Publicado originalmente em Instituto Palavra Aberta. Para acessar, clique aqui.
Patricia Blanco*
?: rawpixel.com | Freepik
O período eleitoral de 2022 foi marcado por uma avalanche de informações falsas que se mostraram muito mais sofisticadas e escancaradas do que as que contaminaram as eleições de 2018. Pesquisa do NetLab da Universidade Federal do Rio de Janeiro (UFRJ) revela que, no segundo turno, o Brasil registrou uma média de 311,5 mil mensagens falsas por dia. Mas não foi apenas no volume que se perdeu o controle. Na prática, vivenciamos a entrada de novos formatos de conteúdos desinformativos, que vão desde conteúdos totalmente falsos até aqueles construídos a partir de opiniões travestidas de fato e que sustentam e reforçam crenças, ideologias e teorias conspiratórias.
No ambiente totalmente polarizado, esse tipo de conteúdo ganhou força e jogou luz para um debate muito mais violento, passional e radicalizado, no qual o que menos interessa é a verdade dos fatos. Um bom exemplo disso foi a disputa encampada nas redes sociais, principalmente durante o segundo turno da eleição presidencial, que teve mais foco em temas morais e religiosos do que em propostas de políticas públicas e planos de governos.
Se em 2018 as fake news foram utilizadas para gerar a polarização e provocar medo, nas eleições de 2022 o objetivo foi consolidar ainda mais este cenário, além de atacar a credibilidade dos adversários, criar teorias conspiratórias e deslegitimar o sistema eleitoral brasileiro. Além disso, a nova onda da desinformação tem servido para reafirmar processos de identificação social, ou seja, o indivíduo está mais interessado em conteúdos que validem o seu ponto de vista e do grupo ou comunidade do qual ele participa.
“A desinformação vem se complexificando ao longo dos anos.
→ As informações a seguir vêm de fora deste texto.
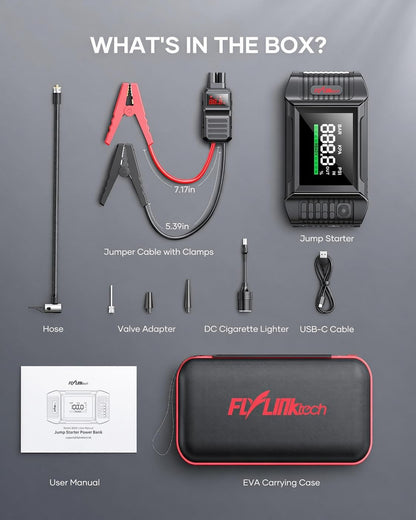 FLYLINKTECH Car Battery Jump Starter with Air Compressor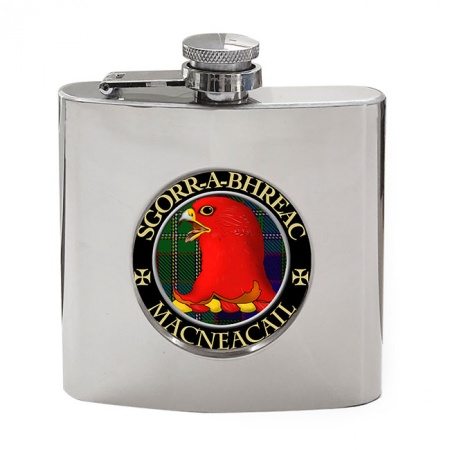 MacNeacail Scottish Clan Crest Hip Flask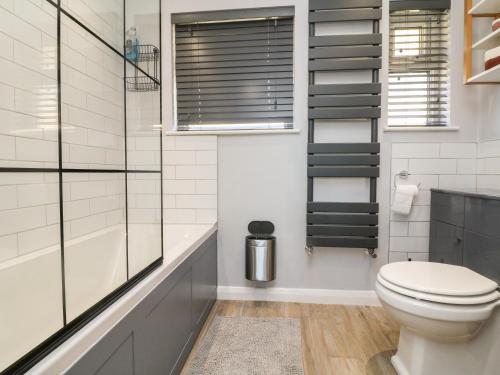 a bathroom with a toilet and a shower at Waves in Woolacombe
Então, o que a gente está vendo em 2022 é bem diferente do que a gente viu em 2018 em termos de complexidade e de estratégia”, disse a diretora do NetLab da UFRJ, Marie Santini, em entrevista à GloboNews.
O fato é que o uso da desinformação passou a fazer parte da estratégia oficial das campanhas. Material manipulado, recortes de vídeo tirando frases fora de contexto, um alerta ou uma insinuação qualquer, uma interpretação feita a partir de uma premissa falsa inundaram os aplicativos de mensagens e as redes sociais e chegaram a ser repercutidos em veículos de comunicação no Brasil.
Segundo o Tribunal Superior Eleitoral (TSE), desde o início do período eleitoral deste ano até o dia 20 de outubro, houve um aumento de 1.671% no volume de denúncias de desinformação encaminhadas às plataformas digitais em comparação com as eleições de 2020. Além disso, houve a necessidade de 130 novos esclarecimentos e desmentidos sobre casos de desinformação em relação à lisura do processo eleitoral. Ainda segundo o TSE, cresceram também os episódios de violência política via redes sociais, que aumentaram 436% comparado ao período eleitoral de 2018.
Nas horas que antecederam o fim do segundo turno, o TSE retirou do ar 701 URLs (endereços eletrônicos) que estariam replicando informações falsas sobre as eleições deste ano. A corte também desativou cinco grupos de Telegram que, somados, propagavam fake news para mais de 580 mil participantes. O TSE suspendeu ainda 15 perfis de “grandes propagadores de fake news”, desmonetizou sete sites e barrou 354 impulsionamentos.
As “fake news 2.0” trazem desafios ainda maiores para todos aqueles interessados em combatê-las, uma vez que só o lado técnico não está resolvendo o problema. Lidar com esses novos formatos de desinformação exigirá ainda mais empenho e estudos, já que o que está em jogo é o desinteresse pela verdade factual e o interesse pela interpretação dos fatos a partir de vieses, valores pessoais, crenças e ideologias.
Neste sentido, é preciso entender que não há uma ação específica para enfrentar o problema, mas um conjunto de ações coordenadas e multifatoriais que devem ser empreendidas concomitantemente, de forma ampla e permanente. Não há bala de prata, existem sim algumas vacinas para combater a desinformação, entre elas a educação midiática de toda a sociedade e o fortalecimento do jornalismo profissional.